Sunday, August 2, 2009

American Riding Instructor Certification

I figured I would pass this along, since I've received a lot of questions about my ARIA certification in dressage. For one, I was primarily a western rider for twelve years, and have only truly ridden dressage for four; why did I go after dressage certification first? Well, the answer is simple: dressage applies to everything jumping, western, barrels, reining, trail riding... you name it. Maybe I'm being a little cocky here, but I didn't feel challenged going after western certification, because I knew I would probably be able to get it, but obtaining dressage certification would require me to work a lot harder. So, that's what I did. Plus, I really want to work towards high certification with the United States Dressage Federation.

Here's some more info on ARIA, for anyone else interested. There are several degrees of certification, much like BHS.

What is ARICP?

Established in 1984, the American Riding Instructor Certification Program (ARICP) is a program offered by The American Riding Instructors Association (ARIA) to recognize and certify outstanding teachers of horseback riding who instruct their students in a safe, knowledgeable and professional manner.

Who is it for?

ARICP Certification is meant for the serious, above-average instructor who teaches safely and in a professional, competent manner, with high standards of honesty and integrity. Minimum age and experience requirements apply for each level of certification.

How does the certification procedure work?

ARICP certification is an important aspect of an instructor's career and requires that candidates make it a priority. The certification process is accomplished by evaluating the instructor's qualifications and teaching ability through written and oral testing, and, at Levels II and III, by a video submitted by the candidate. Instructors meeting the standards for a particular level will earn certification at that level. ARICP offers certification to instructors in three levels of experience and in 14 teaching specialties. To ensure that ARICP-Certified Instructors' standards remain high, re-certification is required every 5 years. This also gives the instructor an opportunity to upgrade his/her level of certification and to add new teaching specialties.

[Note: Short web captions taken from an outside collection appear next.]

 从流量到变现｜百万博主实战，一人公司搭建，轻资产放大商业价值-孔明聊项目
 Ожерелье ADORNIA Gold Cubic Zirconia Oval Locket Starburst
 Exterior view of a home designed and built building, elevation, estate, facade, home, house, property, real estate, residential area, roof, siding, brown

Where is the certification testing held, and what is the fee?

The testing is conducted at one-day test centers held throughout the year at different locations around the country. The fee is $595.00. When a group of at least 6 instructors at a single location desire ARICP Certification, special arrangements can be made for testing at their site. It is also possible to test individually by appointment at ARICP's office in Bonita Springs, Florida. The fee for private testing is $795.

What are the advantages of being an ARICP Certified Instructor?

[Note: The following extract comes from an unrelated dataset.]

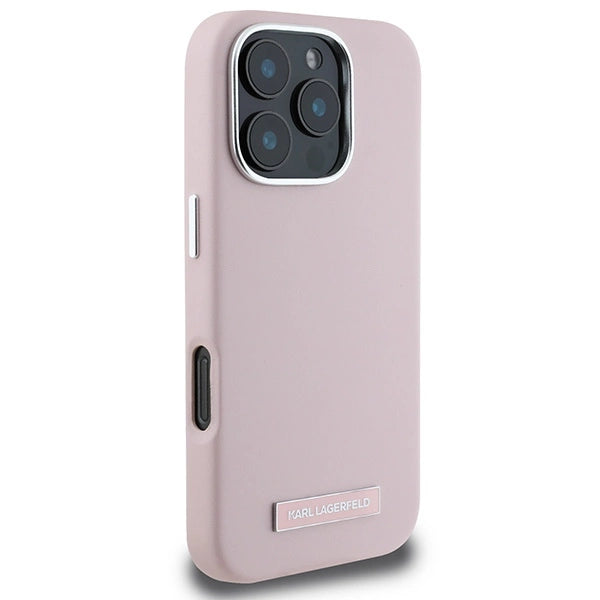Karl Lagerfeld FW Metal Plate MagSafe iPhone 16 Pro Case - Pink_3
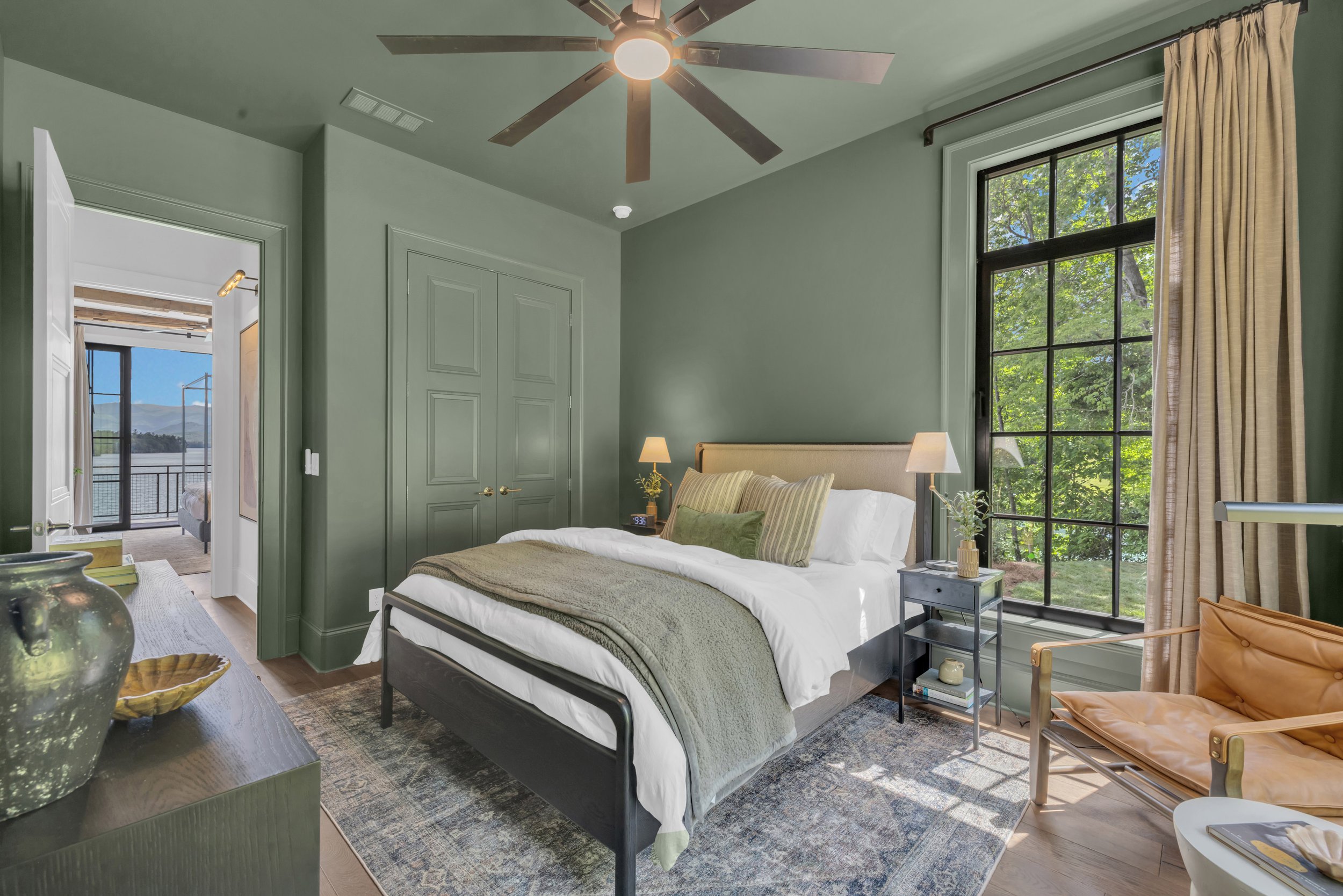 Modern Bedroom with Large Windows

ARICP Certified Instructors have nationally recognized credentials. Their employment prospects are improved. ARICP Certified Instructors are listed in the nationally-distributed ARICP Directory of Certified Riding Instructors and on our Web site.

ARICP Certified Instructors may obtain insurance discounts through several major insurers. ARICP Certified Instructors also receive the quarterly magazine Riding Instructor.

How do I apply for Certification?

Program size is limited, so it is important to apply early in order to assure yourself of a place. You should register at least 30 days in advance. Late registrations will be charged a surcharge for mailing materials overnight. You may register online or mail in a form or call 239-948-3232. You may charge your fee to your Visa, MasterCard, Discover or American Express card.

So, what has my ARIA certification done for me? Well, when working with inexperienced, distanced, and arrogant colleagues, its good to have a certification to back you up. My Saturday lessons are packed, and even my miser boss is giving me more free rein to make decisions (my boss is a subject for a whole different post... maybe a series.) Even though I went from the top of the game, NBHA world finalist, Quarter Horse Congress champion to a lower level dressage rider, I feel like I know more about riding, and teaching, than ever before... and this is just the beginning. I do hope to go for advanced level certification with ARIA in dressage, maybe western too, and possibly jumping. We'll see.